* What the exercise asks *
The line that contains "Vallee de la" marks the start. Please set it down, with every later line of the data, exactly and without pictures.

(Captioned web images)
***
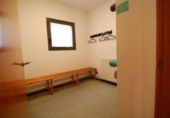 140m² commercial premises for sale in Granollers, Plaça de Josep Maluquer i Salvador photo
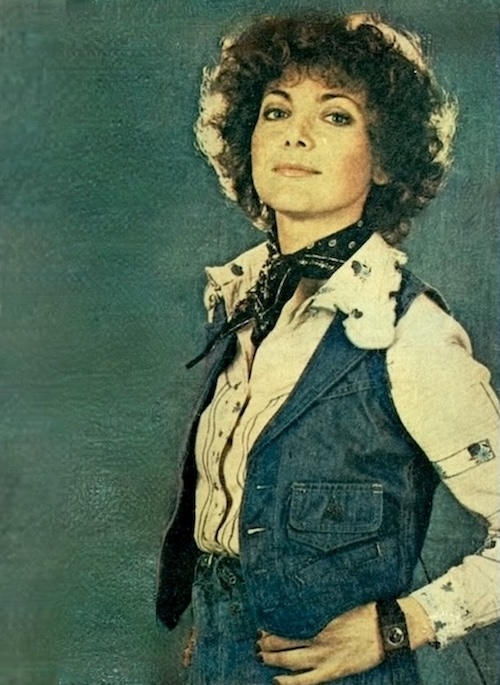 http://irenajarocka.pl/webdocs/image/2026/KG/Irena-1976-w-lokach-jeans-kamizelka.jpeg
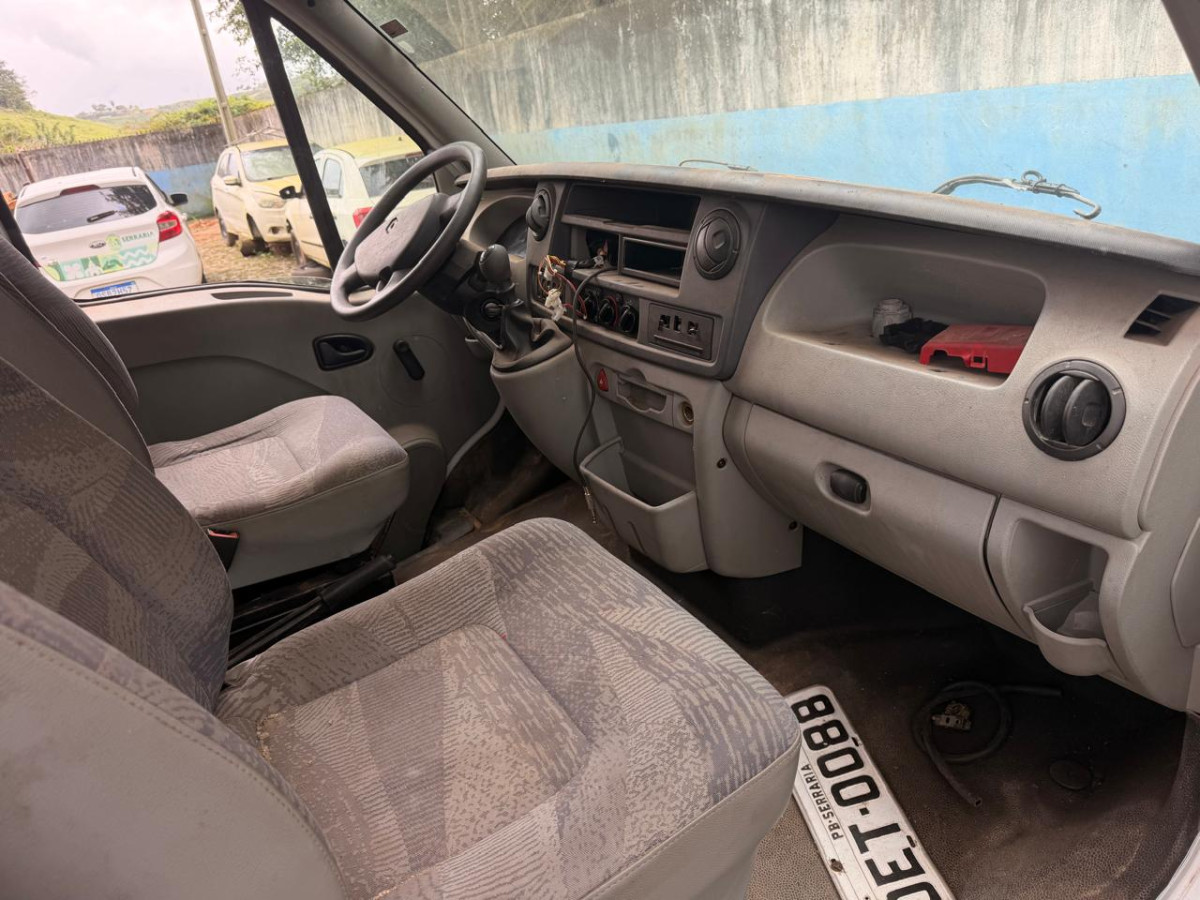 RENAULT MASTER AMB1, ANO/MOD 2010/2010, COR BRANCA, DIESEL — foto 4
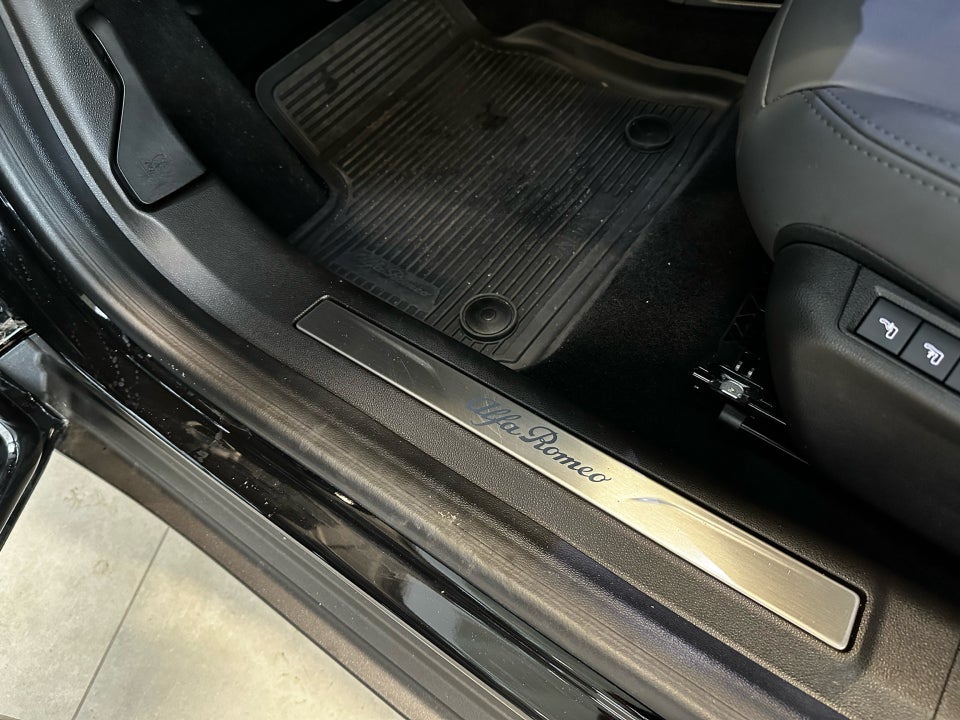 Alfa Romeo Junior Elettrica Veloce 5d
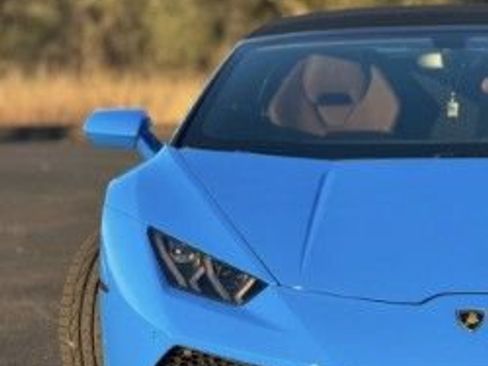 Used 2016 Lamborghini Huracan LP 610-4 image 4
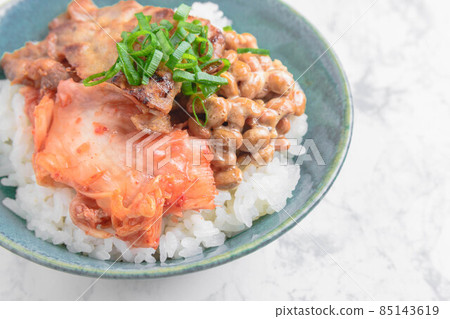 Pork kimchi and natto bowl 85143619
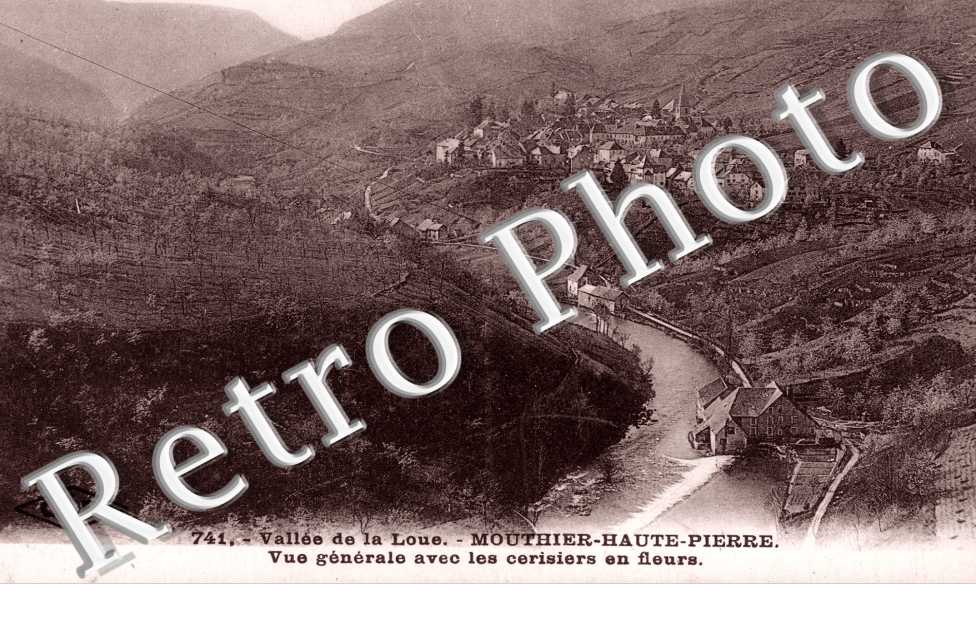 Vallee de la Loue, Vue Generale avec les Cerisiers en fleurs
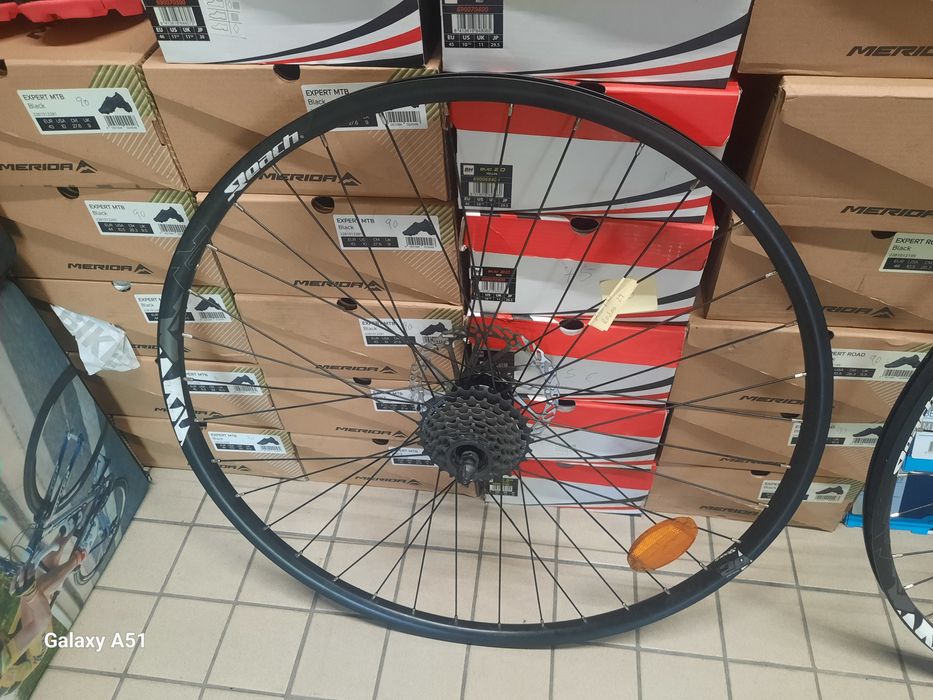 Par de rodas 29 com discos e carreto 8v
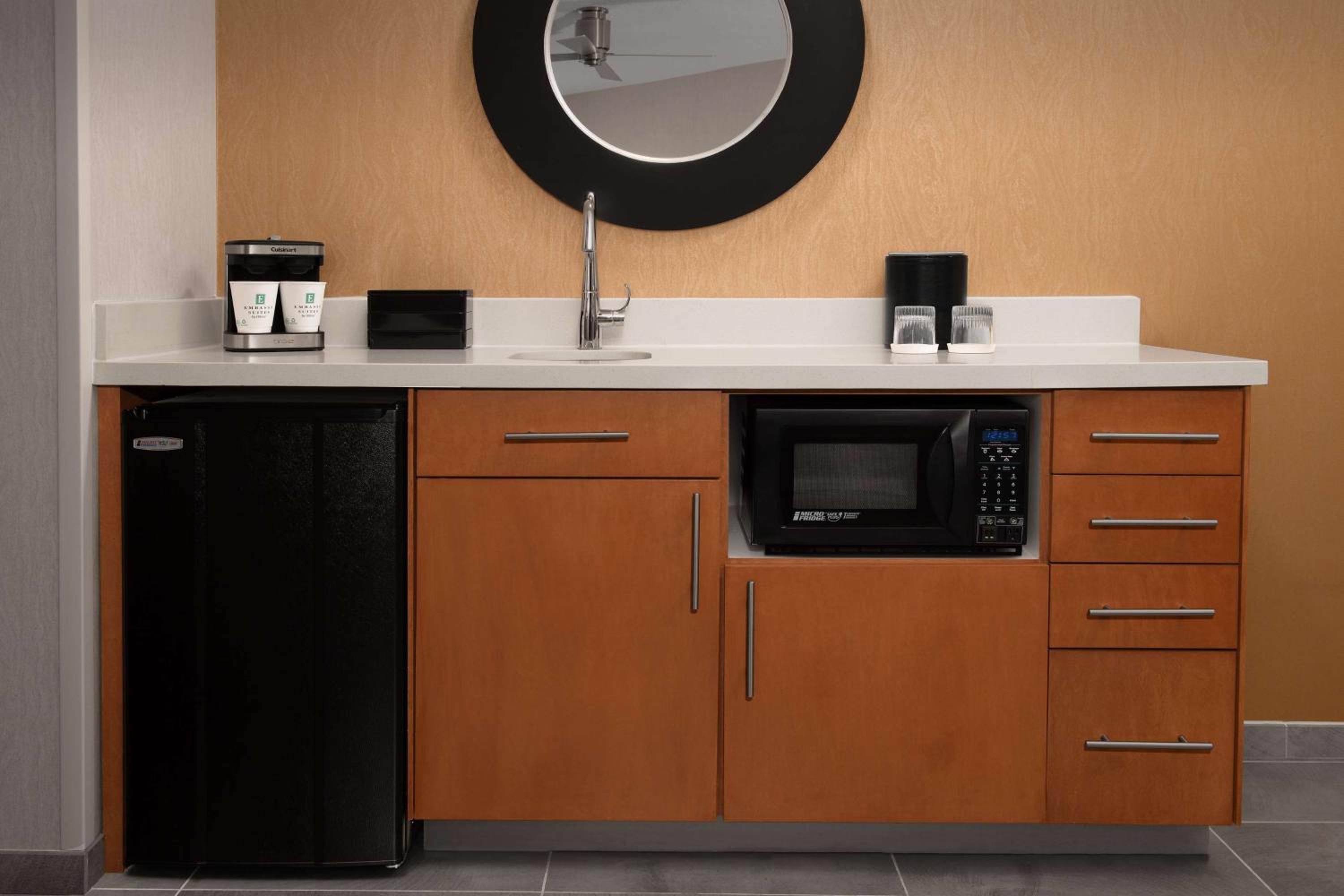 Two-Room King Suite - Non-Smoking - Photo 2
***
* Reply to the task *
 Vallee de la Loue, Vue Generale avec les Cerisiers en fleurs
 Par de rodas 29 com discos e carreto 8v
 Two-Room King Suite - Non-Smoking - Photo 2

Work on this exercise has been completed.